Pawel Machcewicz: "Der umkämpfte Krieg – Das Museum des Zweiten Weltkrieges in Danzig. Entstehung und Streit"
Aus dem Polnischen von Peter Oliver Loew
Harrassowitz-Verlag, Wiesbaden 2018
254 Seiten, 22,90 Euro
Wie Polen über die Geschichte des Zweiten Weltkriegs streitet
Zu pazifistisch, zu wenig patriotisch: Seit Jahren bekämpft die PiS-Regierung das Museum des Zweiten Weltkriegs in Danzig. Dessen geschasster Direktor Pawel Machcewicz hat jetzt ein detailliertes und packendes Buch über die Kontroverse geschrieben.

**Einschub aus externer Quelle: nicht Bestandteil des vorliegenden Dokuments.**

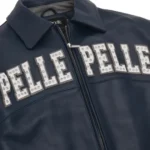 Pelle Pelle Soda Club Vintage Arches Navy Blue Leather Jacket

Die Idee, ein ganzes Museum in Danzig dem Zweiten Weltkrieg zu widmen, kam von dem Falschen, zumindest in den Augen Jaroslaw Kaczynskis. Der Chef der konservativen polnischen Partei Recht und Gerechtigkeit (PiS) gilt als außerordentlich geschichtsinteressiert, doch nicht er, sondern der Historiker Pawel Machcewicz hatte den Einfall, für den sich der damalige Regierungschef Polens, Donald Tusk, sofort begeisterte. Der Erzfeind Kaczynskis.

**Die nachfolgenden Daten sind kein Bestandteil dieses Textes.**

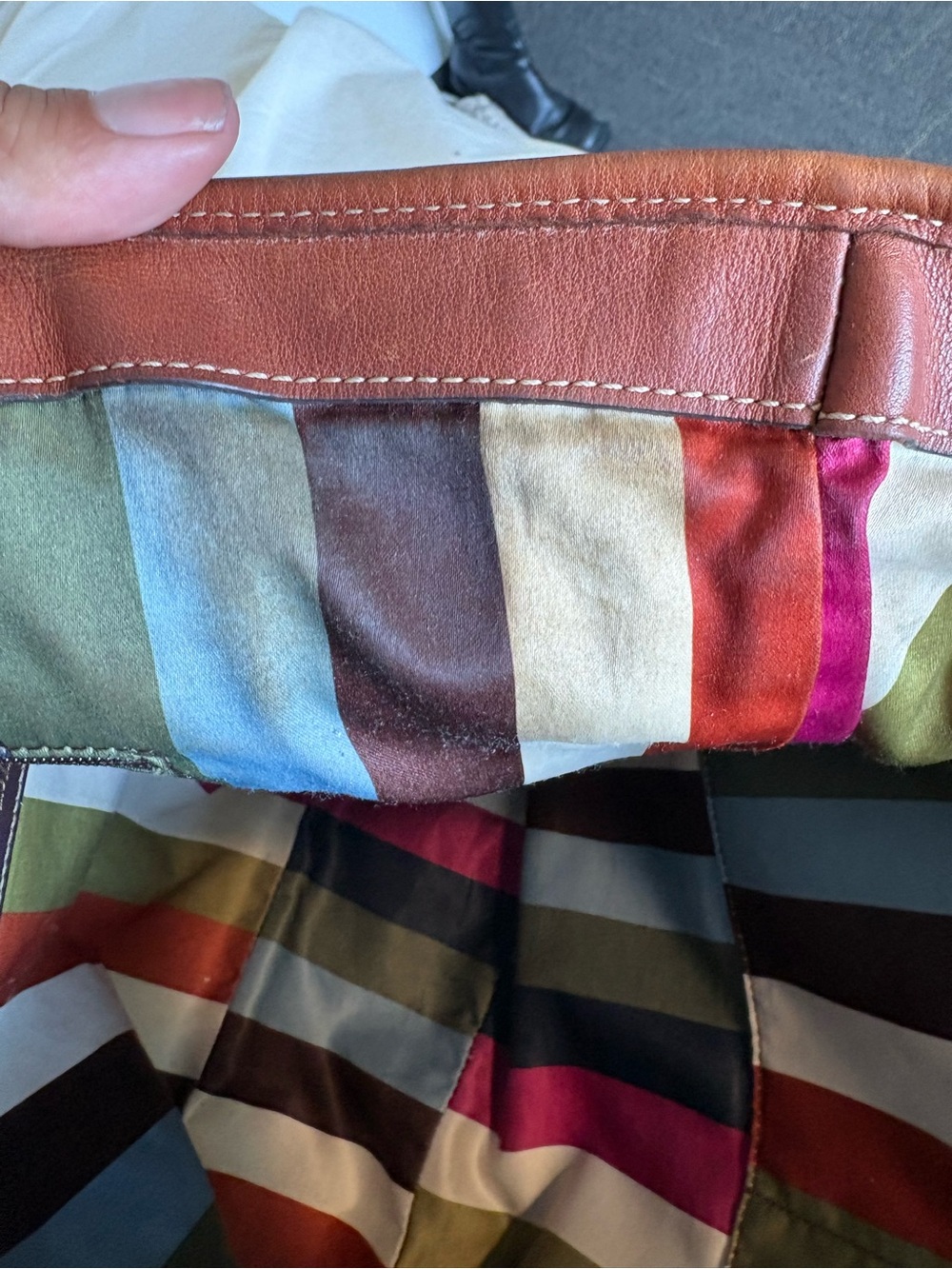 Coach Whiskey 65th Anniversary Tote with Front Pockets - Picture 13 of 16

Und wie es sich mitunter mit guten Ideen so verhält: Man gönnt sie dem Urheber nicht, hauptsächlich, weil man sie selbst gern gehabt hätte. Ergo bekämpfte die PiS das geplante Museum von Anfang an. Sie wollte das Leid der Polen im Mittelpunkt sehen, ihr Heldentum, ihre Bereitschaft, die Heimat bis zuletzt militärisch zu verteidigen. Machcewicz jedoch zog den Fokus weiter auf, stellte den Zweiten Weltkrieg in den europäischen Kontext, mit besonderem Blick auf das Schicksal der Zivilisten. Keinesfalls wollte er sich mit einer Chronologie der Kampfhandlungen begnügen. Ihm ging es auch um den Weg in den Krieg und dessen Auswirkungen bis heute.

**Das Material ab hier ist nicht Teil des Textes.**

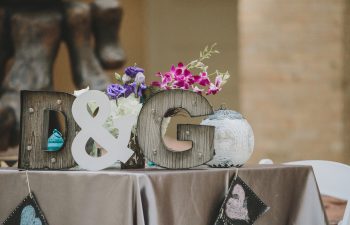 initial letters wedding decor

Angeblich versteckter Pazifismus
Schon zehn Jahre dauert der Streit. Pawel Machcewicz hat ihm nun selbst ein Buch gewidmet, in dem er die Auseinandersetzung detailliert und packend erzählt. Wie die Museumsmacher um ihn herum diffamiert wurden, dass sie angeblich den Interessen Brüssels und Berlins dienten, Verrat übten. Nach dem Machtwechsel Ende 2015 schufen die Kaczynski-Getreuen Fakten. Sie lösten das Danziger Museum des Zweiten Weltkrieges zwei Wochen nach seiner Eröffnung im April 2017 auf und gründeten ein neues mit demselben Namen, aber anderen Angestellten, die nun die Kernaussagen der Ausstellung verändern sollen. Der angeblich versteckte Pazifismus war das erste, was die neue Museumsleitung korrigierte.
Der Geschichtswissenschaftler Machcewicz schreibt engagiert, stellt die Positionen seiner Gegner ausführlich und stets sachlich dar. Wenn er die Herkunft zahlreicher außergewöhnlicher Exponate nachzeichnet, sind das mehr als nur spannende Episoden. Oft genug werden darin die anhaltenden Kämpfe um die Deutungshoheit wichtiger Geschichtsmomente klar. "Der umkämpfte Krieg" zeigt das Ausmaß des aktuellen Wandels in Polen, bei dem unseren Nachbarn ihre legendäre Freiheitsliebe ebenso abhanden zu kommen scheint wie Pluralismus und Liberalismus.
Voller Sorge um sein Land
Bereits im Parlamentswahlkampf 2015 hatte Kaczynski den Austausch der Eliten angekündigt, der Museumsdirektor Machcewicz gehörte zu den ersten Opfern. Dennoch hält sich der Geschasste zurück, Parallelen mit der kommunistischen Diktatur zu ziehen. Der ehemalige Museumsdirektor hat den Kampf verloren, aber er gibt sich nicht geschlagen. Er ist nicht verbittert, jedoch voller Sorge um sein Land. Sein Buch kann man auch als Aufforderung lesen, das Museum schnell zu besuchen, solange die Ausstellung noch so besteht, wie sie von ihren Initiatoren gedacht war.